Study finds Correctional Industries provides work opportunities for incarcerated prisoners

Faith Lutze’s research concludes CI increases employment after release

A+WSU+researcher+surveyed+prisoners+employed+in+Correctional+Industries+and+found+the+organization+helped+develop+work+ethic+and+job+skills+for+reentry+into+the+workplace+after+incarceration.

NESSA ANKNEY | DAILY EVERGREEN FILE

A WSU researcher surveyed prisoners employed in Correctional Industries and found the organization helped develop work ethic and job skills for reentry into the workplace after incarceration.

PUNEET BSANTI

This article is a follow-up to a previous Evergreen article about Correctional Industries

Washington State Correctional Industries offers voluntary employment and compensation for incarcerated prisoners in the state of Washington. While WSU has a contract with CI, it has not purchased items from the organization since 2018.

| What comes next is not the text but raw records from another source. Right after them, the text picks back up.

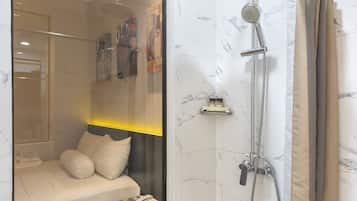 Shower, free toiletries, towels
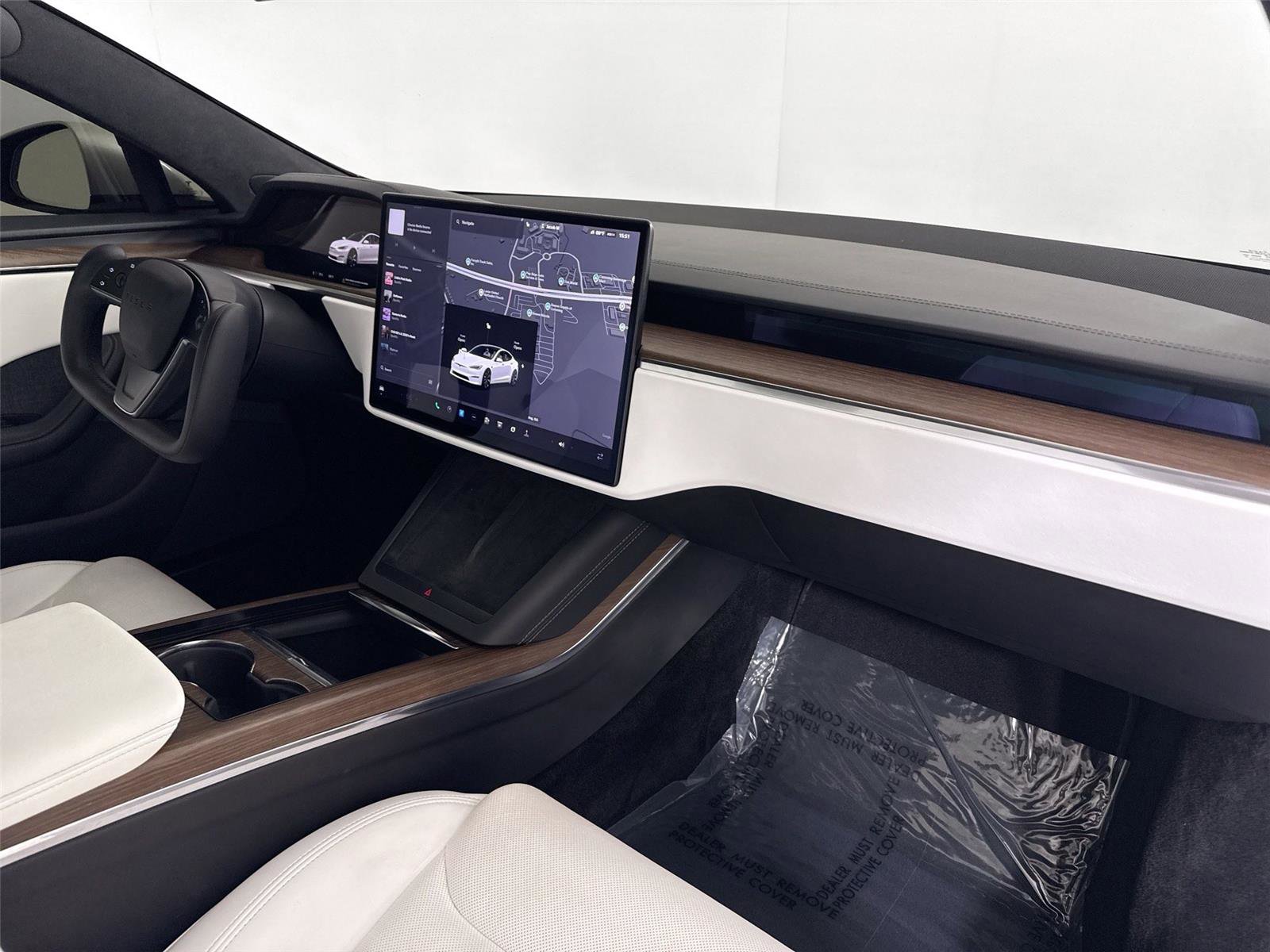 Used 2022 Tesla Model S image 40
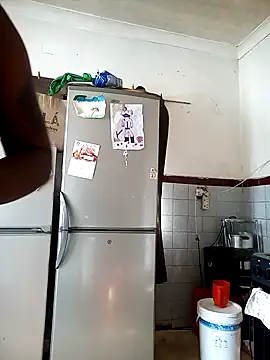 Snapshot of sluttylaura21 chatting on 11, 2, 2026 sluttylaura21 online show from 11, 2, 2026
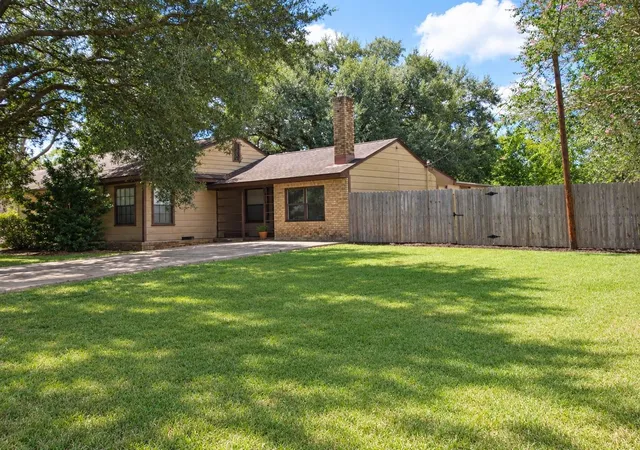 Photo 33 of Single family home for sale at 3706 College St, Damon, TX 77430 | MLS# 40016700 | Listing updated on 2026-09-22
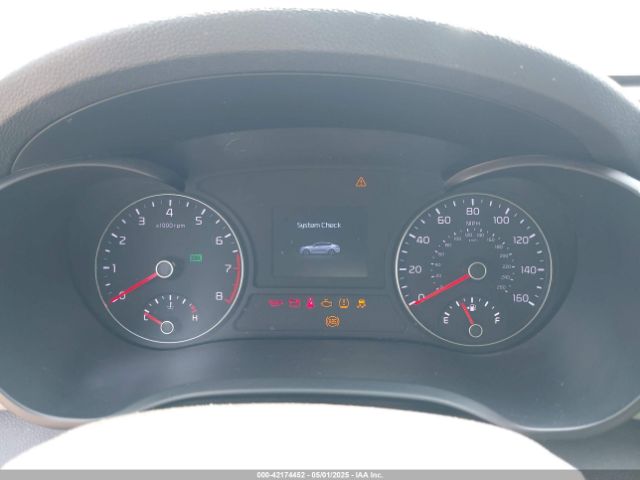 KNAGT4L3XJ5216216 KIA Optima Lx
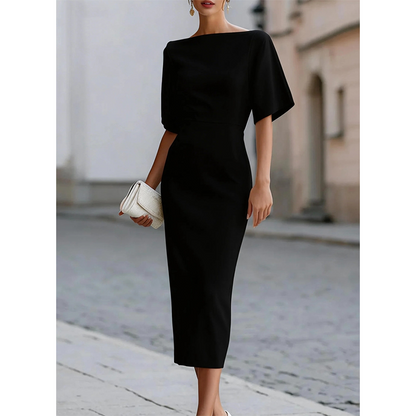 Robe élégante à col bateau et manches flottantes pour femme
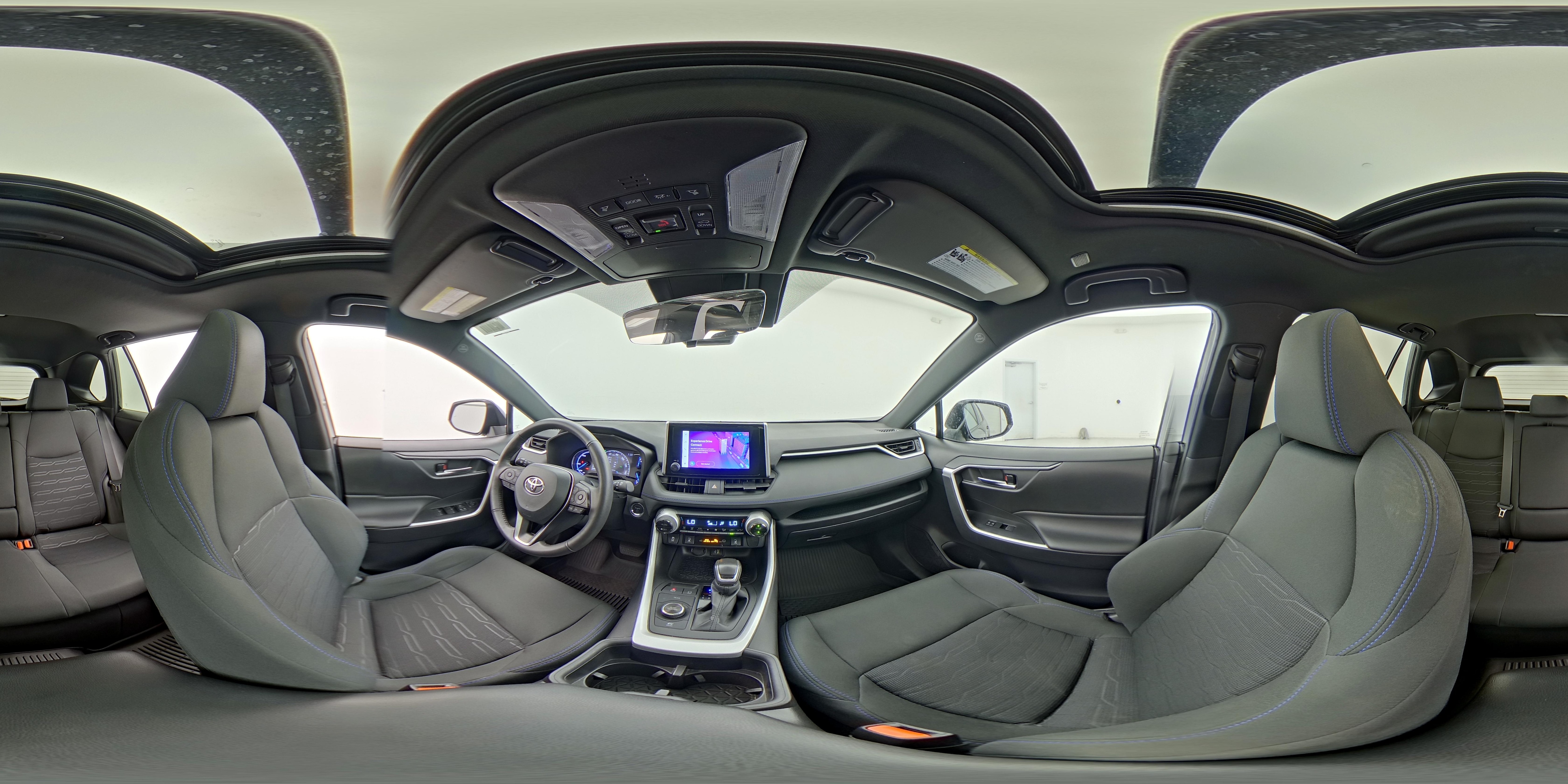 2024 Toyota RAV4 SE - Photo 26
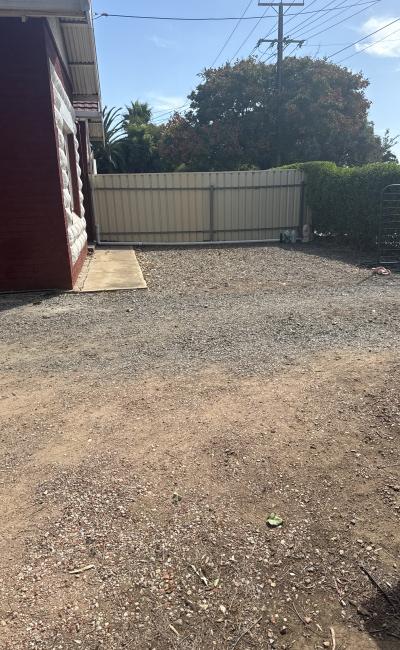 Great spacing 9 mins away from city by bus and 8 mins away from glenelg and 2 mins away from bus sto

CI is managed by the Washington State Department of Corrections and is committed to helping prisoners develop a positive work ethic while maintaining and expanding work training programs that help develop job skills for reentry after their time in prison, according to CI’s mission statement

WSU is able to purchase furniture from CI because of a contract, said Faith Lutze, a professor for the WSU Department of Criminal Justice and Criminology. However, so are other public universities and state governments. 

Lutze conducted research at CI as the principal investigator and came to the conclusion that CI “reduces recidivism, improves institutional behavior and increases employment after release,” according to a research brief published in 2015.

“I spent two years at Airway Heights Correctional Center, and I had an office located within that facility,” Lutze said. 

Lutze, along with co-principal investigator Laurie Drapela and research associate Roger Schaefer, surveyed and interviewed the incarcerated workers and CI staff members. They also observed how the work was done and examined the environment of the facility. 

Lutze said Airway Heights was not a furniture facility but focused on food production and food services. 

Airway Heights also focuses on optical manufacturing, textiles, warehouse services, commissary, laundry services and admin services, according to the CI website.

“The food factory produces food that is then distributed throughout the prison system, and also outward to the community depending upon what their contracts are,” Lutze said. 

Among the 13 correctional facilities where CI operates, Stafford Creek Correctional Center, located five miles west of Aberdeen, Washington, has a furniture factory, according to their website.   

In addition, incarcerated employees at Cedar Creek Corrections Center install new furniture, according to their website.

At WSU, facilities on campus such as the libraries used CI’s services for furniture reupholstering, but that was done almost 15 years ago, said Beth Blakesley, associate dean of libraries. 

“We had some furniture reupholstered, and it was either in 2007 or 2008. So yeah, it was the first time that we had done that,” Blakesley said.

At the time, it was explained to her that CI was an employment program for incarcerated prisoners in the state, and it was training them for a career, she said. 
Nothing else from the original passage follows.